There are many other types of mortgage loans available
for consumers which include graduated payment mortgages, adjustable
rate mortgages and tracker mortgages, interest only mortgage,
negative amortization mortgage and the balloon payment mortgage.
Fixed mortgage rate does not include other costs such
as taxes and insurances. There are instances where the monthly
payment of a borrower may change but the interest on the loan does
not change at all.
In other countries, fixed rate mortgage are not as
popular unlike in the United States. There is however short loans
that have fixed mortgage rate term. In Canada, a fixed rate mortgage
can be applied for loans not exceeding for ten years and the maximum
maturity of loans is 25 years. Meanwhile, banks in Australia do not
provide fixed rate mortgages for loans having duration of 15-years
so as to avoid financial constraints due to limited funds.

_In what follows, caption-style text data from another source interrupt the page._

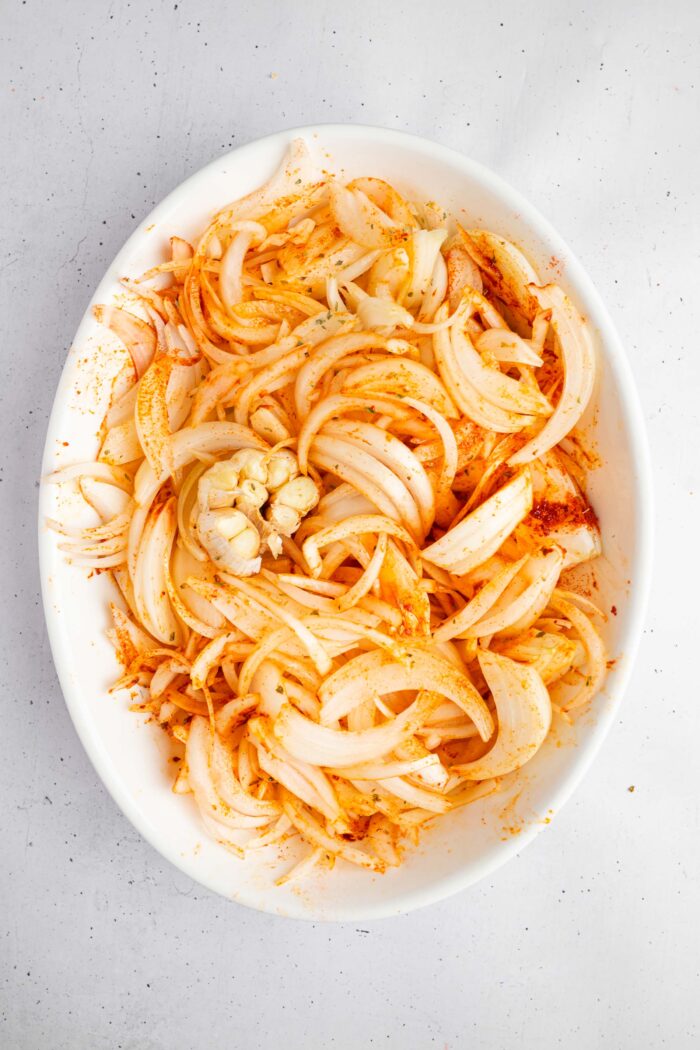 Onions mixed together with spices, and garlic added to the casserole dish.
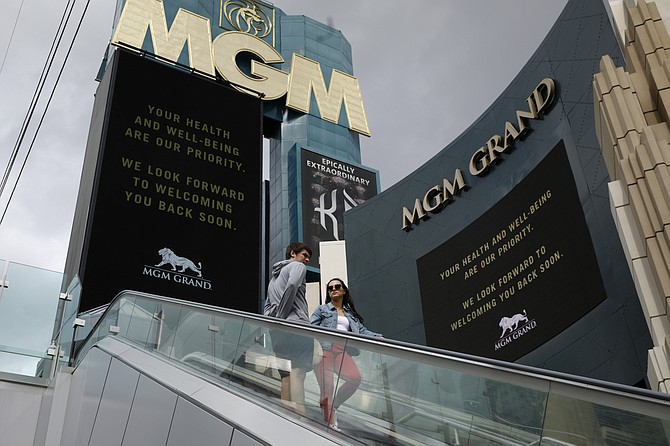 A couple ride the escalator outside The MGM Grand hotel-casino in Las Vegas on March 16, 2020. (Photo: John Locher/AP, file)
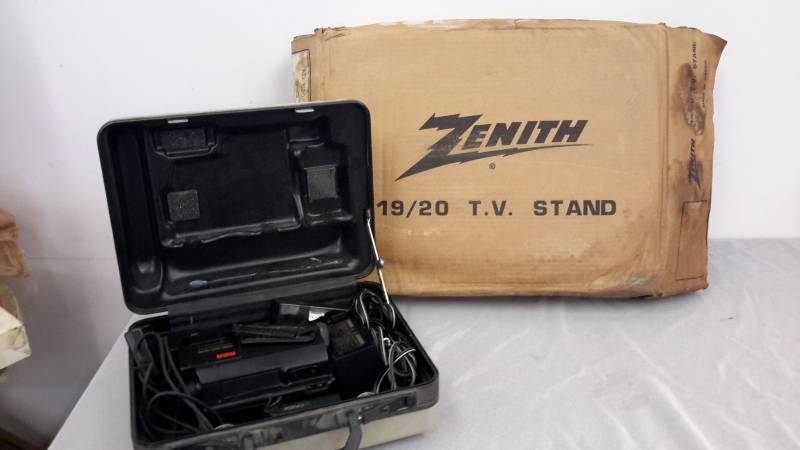lot 18 image: RCA camcorder, batteries, charger, Zenith TV stand new in the box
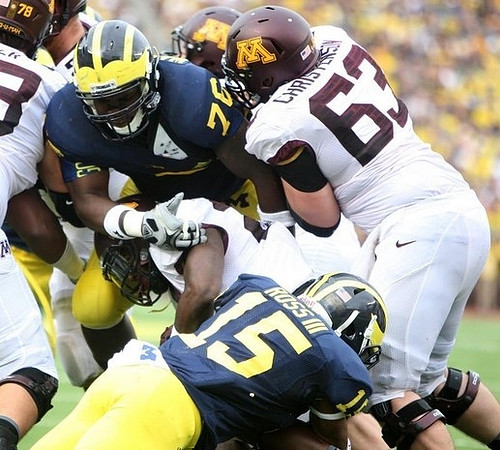 Quinton Washington (76) and James Ross (15)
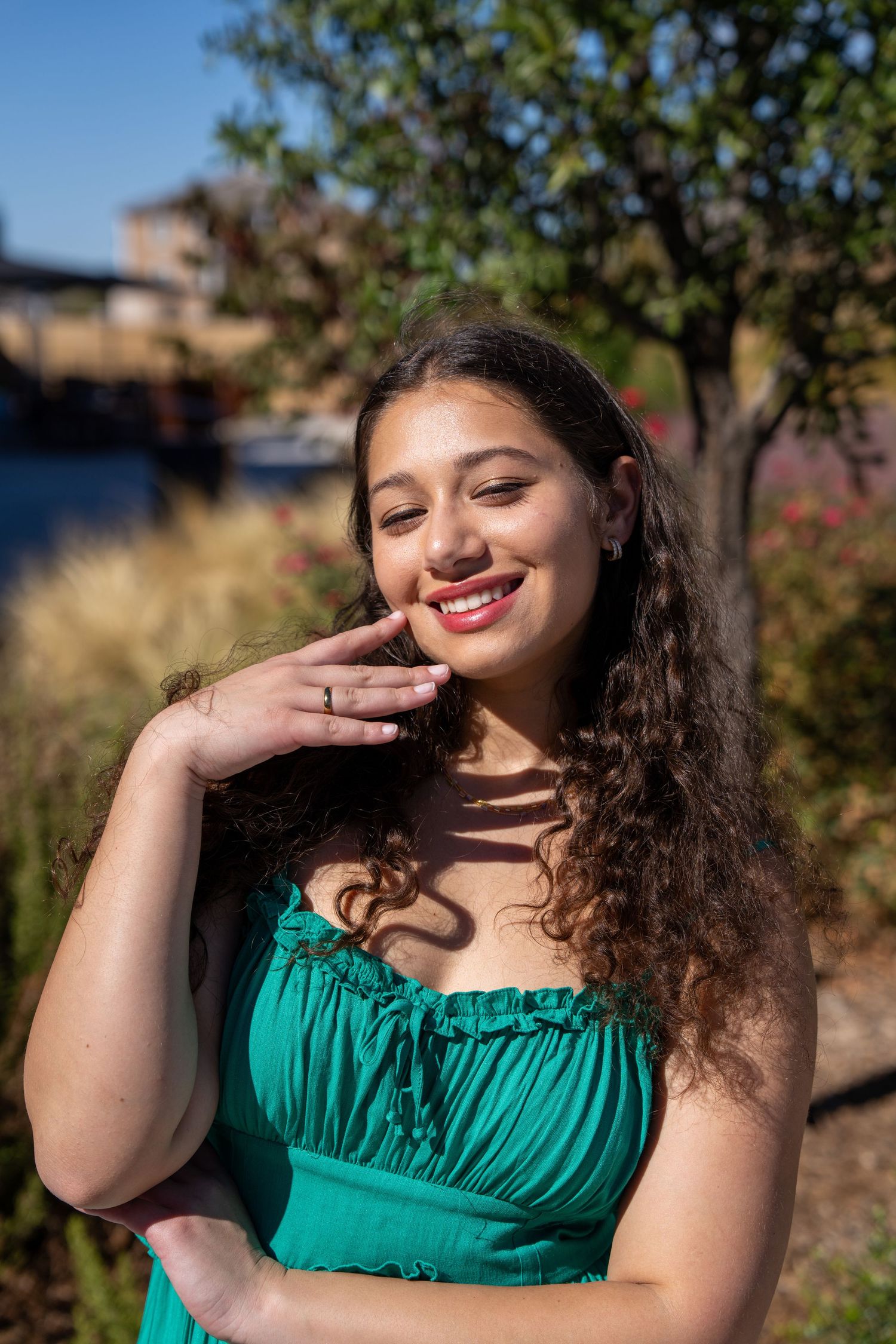 Smiling young woman in teal ruffled strapless dress poses outdoors with hand near face in sunny garden.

Fixed rate mortgages are commonly costly compared to
adjustable rate mortgages.
Because of a possible risk on interest rates, a higher
interest rate is offered for long term fixed rate loans as opposed
to short term loans. The difference between the two are called yield
curve.
It does not necessarily mean that a fixed mortgage
rate is not a good choice over adjustable rate mortgage due to its
higher interest rate. At times where the interest rate increase, the
cost of the adjustable rate mortgage will also be higher but for the
fixed rate mortgage, the interest remains the same.
The objective of saving some money out of the
mortgages relies on some factors such as the term of loan,
prevailing interest rates and the tendency of a decrease or increase
of rates during the period of the loan.
In the US, fixed rate mortgages are offered prepayment
of the principal amount without charging any penalty. Early payment
of a portion of the principal loan will automatically reduce the
total amount of loan as well as the interest to be paid. This will
also shorten the term of the loan. Some may offer you a lower
interest in exchange of charging you with a prepayment penalty.
If you are planning on financing the purchase of your
new home with mortgages, you can use some of the excellent online
mortgage calculators so you can have an idea what to expect on your
planned mortgages. This will also help you choose the right mortgage
according to your need and financial capability.